Sunday, September 27, 2015

Nina Godridge's Review of the Readings

Hello everybody, it's Nina Godridge back again with another segment of...this is what I read today and here is my review. Today it's Nam Le's " Hiroshima" and Annie Proulx's " People In Hell Just Want A Drink of Water." Both short stories each take place during historical moments in time, it either being Hiroshima during WWII or south of the United States where droughts and dust clouded the minds of all.
I have to give around of applause for Proulx; set between two families the reader gets to know the back story to each family. The Dunmires and the Tinsley's don't intertwine until the end, but leading up to that moment when Jax and Horm are talking about purchasing a windmill. One part of the story that shocked me personally is when Mrs. Tinsely throws her own daughter over the wagon and into the water, " The child's white dress filled with air and it floated a few yards in the swift current, then disappeared beneath a bower of willows at the bend." That sentence to me is so haunting, just imagining the dress flow down the river with the body of the child. Not to mention after she does this, she is traumatized to the point where she gets anxiety of keeping her children alive at all times.

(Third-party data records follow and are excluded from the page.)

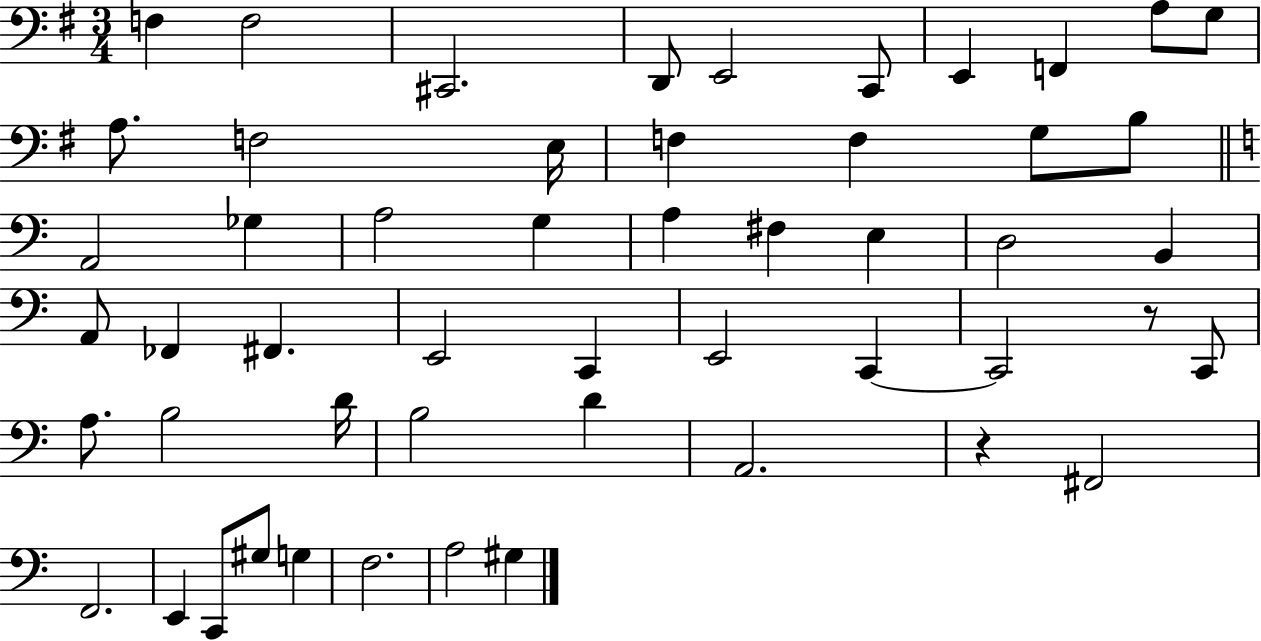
X:1
T:Untitled
M:3/4
L:1/4
K:G
F, F,2 ^C,,2 D,,/2 E,,2 C,,/2 E,, F,, A,/2 G,/2 A,/2 F,2 E,/4 F, F, G,/2 B,/2 A,,2 _G, A,2 G, A, ^F, E, D,2 B,, A,,/2 _F,, ^F,, E,,2 C,, E,,2 C,, C,,2 z/2 C,,/2 A,/2 B,2 D/4 B,2 D A,,2 z ^F,,2 F,,2 E,, C,,/2 ^G,/2 G, F,2 A,2 ^G, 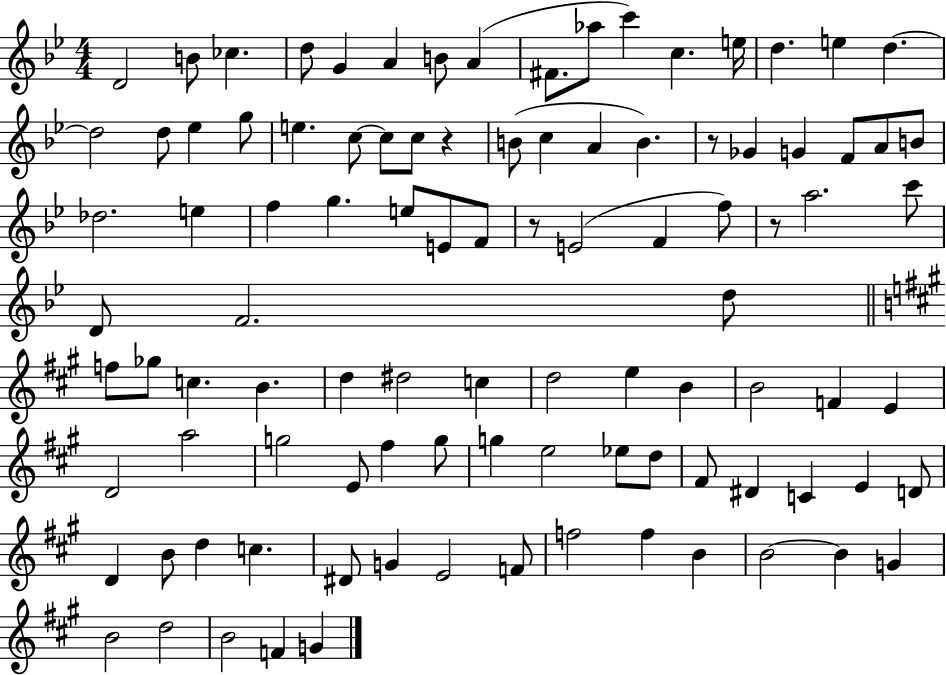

"Hiroshima" spoke to me on a different leave to which I left like I was back in New York City when 9/11 happened. Everyone is on edge, waiting for the bombs to strike down, living in fear. Even though the narrator is content in the sense that fear isn't running through her mind at every moment, she is telling us her life: attending boarding school, spending time with her older sister and taking a photograph with her family. These are the moments she treasures. My favorite part of the story is scene when her and the fellow classmates, with the use of imagery we can imagine ourselves being there:
" At exercise time I run with some of the others to the top of the hill. Running is good to stop the cold but bad for the hunger that comes after. The day is white and clear and cloudless. From the top of the hill we can see another hill, and behind that, the ocean. The ocean is a darker blue than the sky. Behind the hill is the city. We are safe here."